O esperançoso e poético educador Rubem Alves contava a rica e estimuladora “aula” a partir de um copo descartável, tão comum no nosso cotidiano. Para que serve? Do que é feito? De onde vem sua matéria-prima? Qual é a indústria que o processa e como? Como deve ser descartado? Qual é a sua influência no sistema ecológico planetário? Ele deve ser substituído por copos feitos de materiais mais ecológicos? E assim a aula tratou de história, química, ecologia, responsabilidade social, processos industriais.

Lembro de um professor de literatura que levou música para a turma de jovens estudantes do ensino médio, deleitando-se em ouvi-las. O que a música tem a ver com a literatura e a língua portuguesa? Tudo! As músicas são compostas de melodia e letra. Já paramos para analisar as letras das músicas e verificar que são poemas musicados? Qual o significado do que estamos cantarolando? Qual é a estrutura de construção das frases?

Outro professor colocou os alunos em círculo e estampou uma página de jornal com reportagem sobre meninos e meninas envolvidos com o tráfico de drogas, convidando-os a mergulhar no conteúdo e trazer os variados aspectos sociológicos e antropológicos daquela realidade. A vida enriquecendo a sala de aula e trazendo diversos conteúdos curriculares para discussão.

O revolucionário educador José Pacheco, famoso pela escola portuguesa da Ponte, costuma olhar para seus alunos e perguntar: O que vocês querem aprender? A partir dos interesses individuais uma gama variada de aprendizados é realizada, trazendo para a conversação diversos conteúdos que estão no programa curricular.

E o escritor, professor e dramaturgo Ariano Suassuna com suas aulas diferentes, apelando para a construção de imagens, para a criatividade, fazendo pensar e tornando os conteúdos curriculares agradáveis e plenamente afinados com a vida? E a vida descortinando os conteúdos curriculares?

Por fim, minha lembrança vai até a professora Lucy, que no ensino fundamental viu que seus alunos adorava múcica e fazer das carteiras verdadeiros instrumentos musicais. Ela lecionava língua portuguesa, e resolveu fazer do universo musical o motivo de suas aulas, sempre de acordo com as experiências musicais de seus alunos, até conseguir introduzir o que eles não conheciam desse universo tão rico que é a música. Todos aprenderam muito bem a língua portuguesa.

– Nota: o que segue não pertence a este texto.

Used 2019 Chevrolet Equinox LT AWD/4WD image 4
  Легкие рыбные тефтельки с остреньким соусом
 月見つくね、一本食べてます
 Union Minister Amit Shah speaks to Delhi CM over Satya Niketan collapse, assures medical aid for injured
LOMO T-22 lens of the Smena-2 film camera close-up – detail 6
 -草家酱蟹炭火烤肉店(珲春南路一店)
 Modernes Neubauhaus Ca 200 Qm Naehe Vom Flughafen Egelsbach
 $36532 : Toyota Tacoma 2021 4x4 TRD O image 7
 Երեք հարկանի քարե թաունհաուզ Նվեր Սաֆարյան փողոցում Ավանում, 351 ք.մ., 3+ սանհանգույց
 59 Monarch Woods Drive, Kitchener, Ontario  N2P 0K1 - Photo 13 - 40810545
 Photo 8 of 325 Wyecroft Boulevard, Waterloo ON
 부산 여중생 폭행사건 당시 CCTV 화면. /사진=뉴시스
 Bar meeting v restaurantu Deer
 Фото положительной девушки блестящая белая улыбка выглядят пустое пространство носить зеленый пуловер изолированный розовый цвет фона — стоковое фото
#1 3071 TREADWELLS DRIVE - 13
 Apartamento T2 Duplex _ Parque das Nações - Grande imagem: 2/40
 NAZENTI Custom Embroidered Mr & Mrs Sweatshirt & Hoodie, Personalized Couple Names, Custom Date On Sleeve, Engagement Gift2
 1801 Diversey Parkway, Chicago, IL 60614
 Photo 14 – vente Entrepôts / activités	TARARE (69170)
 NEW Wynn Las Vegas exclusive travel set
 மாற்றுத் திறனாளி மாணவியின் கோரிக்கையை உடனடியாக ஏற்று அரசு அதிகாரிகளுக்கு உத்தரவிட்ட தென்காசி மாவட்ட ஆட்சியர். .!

Bons exemplos não faltam. Não precisamos abandonar o currículo, pois ele é um norteador do trabalho, mas devemos tirar o gesso que o deixa frio e distante da vida. Basta colocar criatividade e dinâmica, permitindo que os alunos participem ativamente do processo de aprendizagem.

Levar as questões da vida para a escola, deixando-as adentrar à sala de aula, é enriquecer o currículo e aproximá-lo da realidade dos alunos. Além disso, é fazer com que a aprendizagem tenha significado e não precise, portanto, ser memorizada, o que se perderá com o tempo, pois conhecimento que não se pratica é conhecimento inútil, logo descartado por outro.

Currículo e vida devem se dar as mãos. O professor deve para de querer dar aula, de querer ensinar, para deixar a aprendizagem participativa fluir e renovar a escola e a educação.